RECORD SET: Begin
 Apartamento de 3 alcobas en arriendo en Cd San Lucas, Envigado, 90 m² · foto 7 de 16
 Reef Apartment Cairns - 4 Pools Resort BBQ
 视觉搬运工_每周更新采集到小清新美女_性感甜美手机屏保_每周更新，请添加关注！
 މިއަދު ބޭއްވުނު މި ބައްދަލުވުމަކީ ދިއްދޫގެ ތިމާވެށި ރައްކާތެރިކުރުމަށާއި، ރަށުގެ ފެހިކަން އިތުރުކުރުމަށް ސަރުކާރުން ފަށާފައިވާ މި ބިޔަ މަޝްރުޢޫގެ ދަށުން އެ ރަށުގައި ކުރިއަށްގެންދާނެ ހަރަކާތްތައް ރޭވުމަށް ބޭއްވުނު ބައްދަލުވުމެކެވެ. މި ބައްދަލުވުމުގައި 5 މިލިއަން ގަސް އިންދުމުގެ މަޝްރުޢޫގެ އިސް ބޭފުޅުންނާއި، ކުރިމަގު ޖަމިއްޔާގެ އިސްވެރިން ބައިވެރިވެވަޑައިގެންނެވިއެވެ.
RECORD SET: End
RECORD SET: Begin
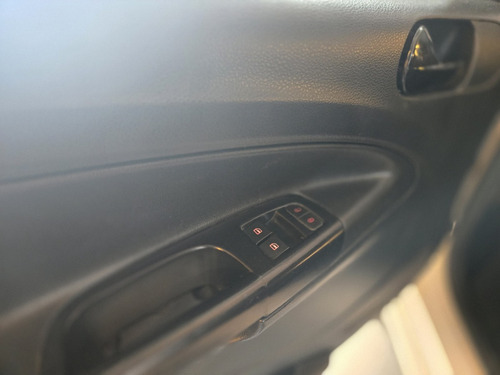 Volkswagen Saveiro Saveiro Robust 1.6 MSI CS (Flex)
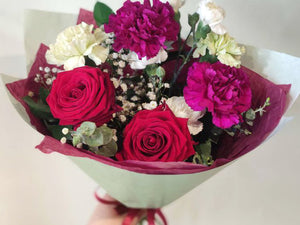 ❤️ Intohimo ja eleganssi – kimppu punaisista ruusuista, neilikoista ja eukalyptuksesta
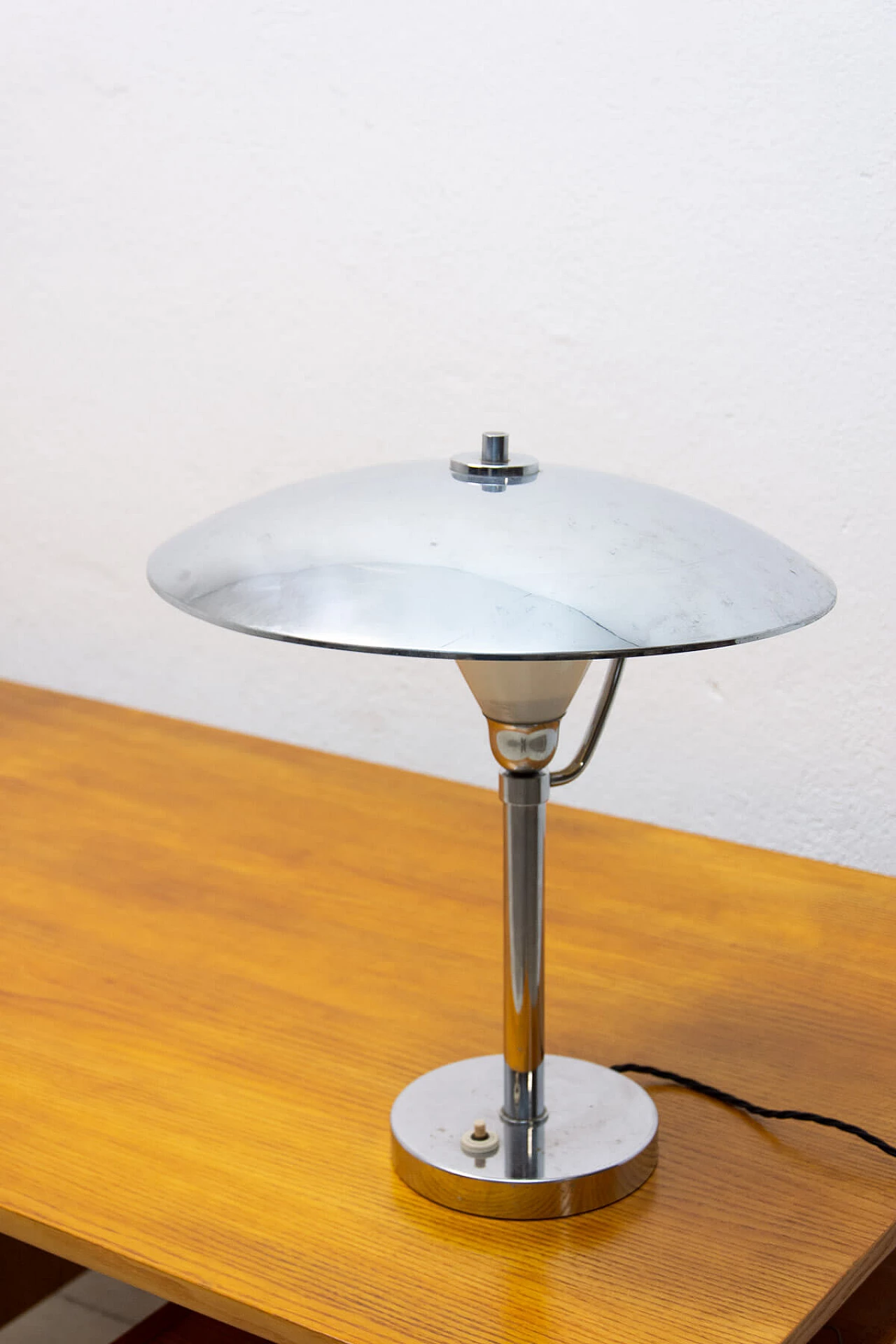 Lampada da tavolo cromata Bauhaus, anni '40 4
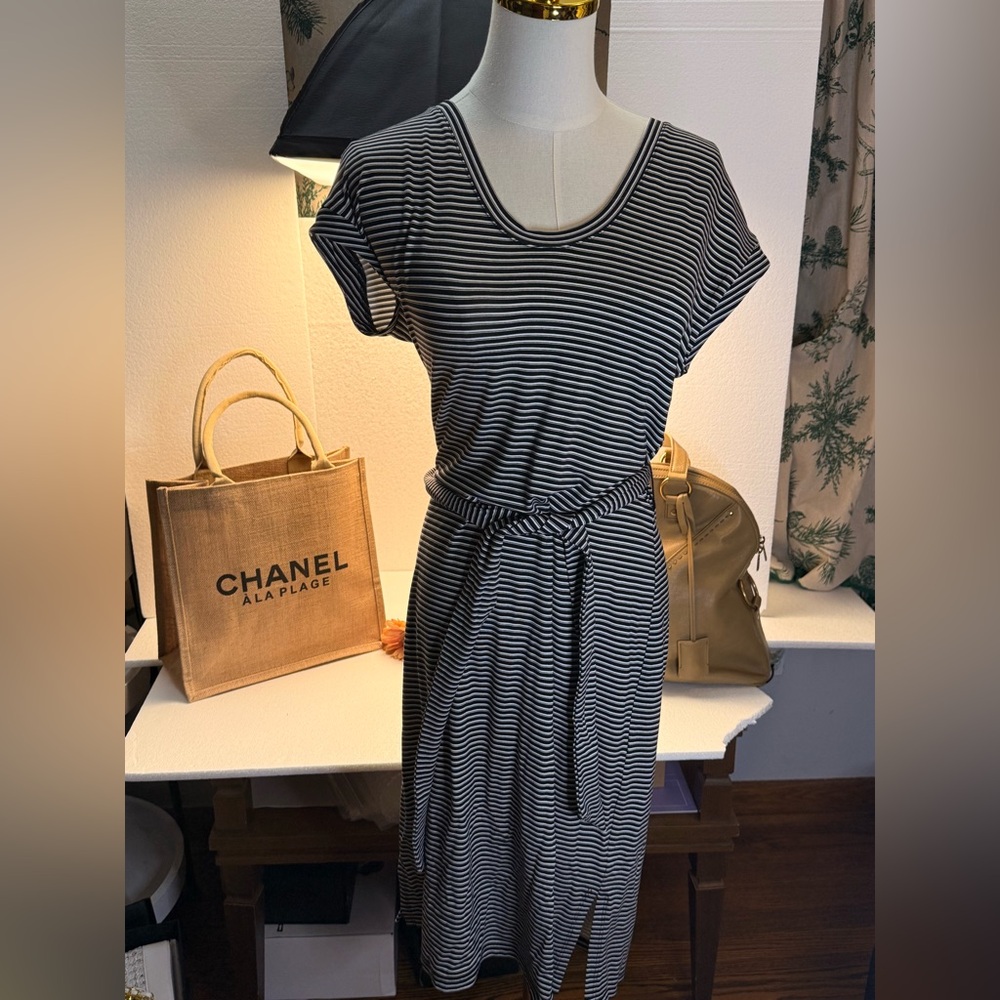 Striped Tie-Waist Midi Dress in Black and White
RECORD SET: End
→ TASK BRIEF
Each line from the one that contains "Volkswagen Saveiro Saveiro" down to the one that contains "Striped Tie-Waist Midi" is to be returned exactly as it stands above, both ends included, with pictures removed.

→ RESPONSE TO THIS TASK
 Volkswagen Saveiro Saveiro Robust 1.6 MSI CS (Flex)
 ❤️ Intohimo ja eleganssi – kimppu punaisista ruusuista, neilikoista ja eukalyptuksesta
 Lampada da tavolo cromata Bauhaus, anni '40 4
 Striped Tie-Waist Midi Dress in Black and White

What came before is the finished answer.